Fresno is the last reliable place. Once you are on 180 heading east, there are still a couple of restaurants and a pizza place in Squaw Valley but hours are unreliable. As of 2013:
Blossom Trail Cafe (922 N. Academy, Sanger CA)
School House Restaurant & Tavern (1018 S Frankwood Sanger, CA 93657)
Pizza (31074 E Kings Canyon Rd, Squaw Valley, CA 93675)

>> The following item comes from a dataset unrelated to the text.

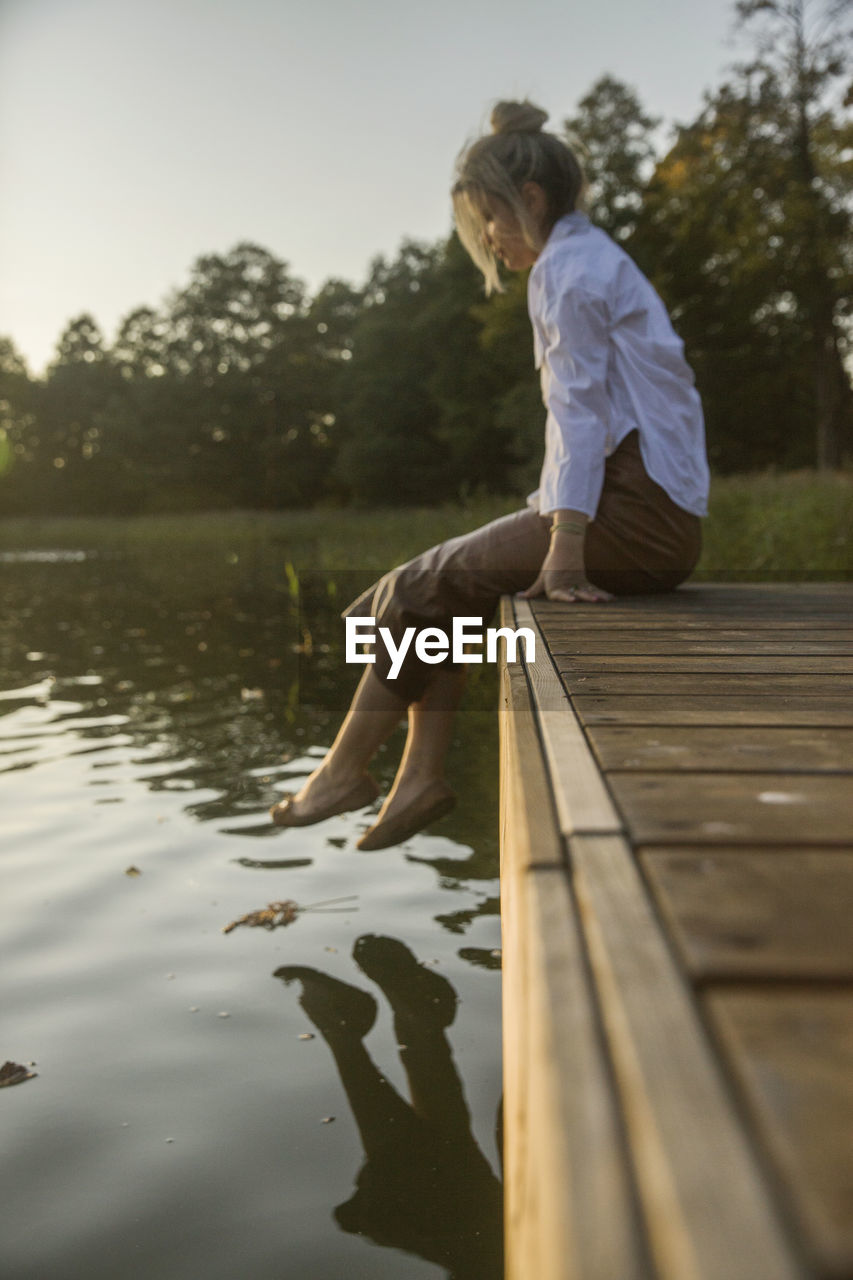 Girl by the lake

Once you enter Kings Canyon Park, there is only food (and only in the peak weekends of summer at very odd hours) at Grant Grove Village (an expensive restaurant that mostly serves sandwiches, and a pizza place that is open only when you don't need it) and at Cedar Village (a fast-food place inside the lodge with a very basic menu). The quality is beyond standard, the prices are way above standards.

Information (2010)

  • Kings Canyon's visitor information: 559-565-3341.
  • Kings Canyon's website
  • The Cedar Grove ranger station closes at 4pm and it's open only in summer.
  • Grant Grove visitor center (180 entrance): open 8am-6pm in summer, 5km east on 180 from the Big Stump Entrance Station.
  • Don't count on food once inside the park. There are only two or three restaurants and they are likely to be closed when you need them.
  • Campgrounds (NPS)
  • Campgrounds in the Sierra
  • In a sign of the continuing decline of the USA, there is no public transportation (not even an old-fashioned bus, let alone a Japanese/European-style bullet train) to this popular destination. If you are a tourist, you need to rent a car or book a super-expensive tour. It is also a sign of how much the USA cares for pollution, greenhouse gases and oil consumption that it forces everybody to drive their own cars to a popular natural attraction.


Beware of
  • Swarms of tiny flies following you pretty much anywhere from Roads End to the John Muir Trail and mosquitoes wherever you decide to stop for your picnic
  • Snakes between Charlotte Camp and Vidette Meadow (not sure what kind)
  • The Bubbs Creek crossing (no bridge, water can be up to your chest)
  • As usual, the number one enemy is the bureaucracy: if you plan to obtain a permit (required for multi-day hikes), good luck. Quote from their website (2012): "ALL permits must be obtained during opening hours at the permit stations. NO night drops are permitted. NO Exceptions." Needless to say, opening hours are ridiculous: it would be easier to list the closing hours. If ready to defy the unfriendly (and probably unconstitutional) rules, keep in mind that rangers (unlike you the taxpaying hiker) have unlimited time and unlimited money (your tax money): chances that they find you when hiking overnight illegally are higher than you think, no matter where in the wilderness you're hiding.